23.08.2014

Arbeitsrecht: Urlaubsabgeltung und Tod

Arbeitsrecht / Erbrecht: Urlaubsabgeltungsanspruch auch nach Versterben des Arbeitnehmers

Rechtsanwalt / Fachanwalt für Verwaltungsrecht Rolf Neumann, Bochum / Bottrop

Der Gerichtshof der Europäischen Union hat nach Vorlage der Frage durch das Landesarbeitsgericht Hamm entschieden, dass auch nach Versterben des Arbeitnehmers dessen Erben einen Anspruch auf Zahlung des Urlaubsabgeltungsanspruches des Arbeitsnehmers haben, wenn die sonstigen Voraussetzungen erfüllt sind, wie die etwa die krankheitsbedingt fehlende Möglichkeit, Urlaub zu nehmen, oder sonstige betriebliche Gründe.
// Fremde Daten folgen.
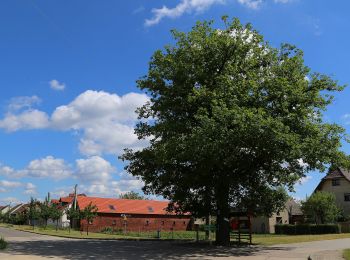 Excursión A pie Byhleguhre-Byhlen - Wanderweg Byhlen-Byhleguhre - Photo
Zur Begründung führte das Gericht aus, dass die Frage der Urlaubsabgeltung beim Tode des Arbeitnehmers nicht anders zu beurteilen sei, als im Falle der fehlenden Möglichkeit, den Urlaub zu nehmen, wegen einer eingetretenen Krankheit.

Nach Auffassung des Gerichtes verstoßen nationale Regelungen, aus denen sich ergibt, dass Urlaubsabgeltungsansprüche mit Versterben des Arbeitnehmers untergehen, ohne, dass eine finanzielle Abgeltung derseben erfolgt, gegen Art. 7 der Europäischen Arbeitszeitrichtlinie 2003/88EG.

Nach der bisherigen Rechtsprechung des Bundesarbeitsgerichtes konnten Erben den Urlaubsabbgeltungsanspruch des verstorbenen Arbeitnehmers nur dann erfolgreich geltend machen, wenn dies etwa tarifvertraglich zwischen den Tarifparteien geregelt worden war. Begründet wurde diese Ansicht mit der These, dass der Urlaub, der der Erholung diene, nach dem Versterben des Arbeitnehmers seinen Zweck nicht mehr erfüllen könne, so dass auch eine Abgeltung nicht in Betracht käme.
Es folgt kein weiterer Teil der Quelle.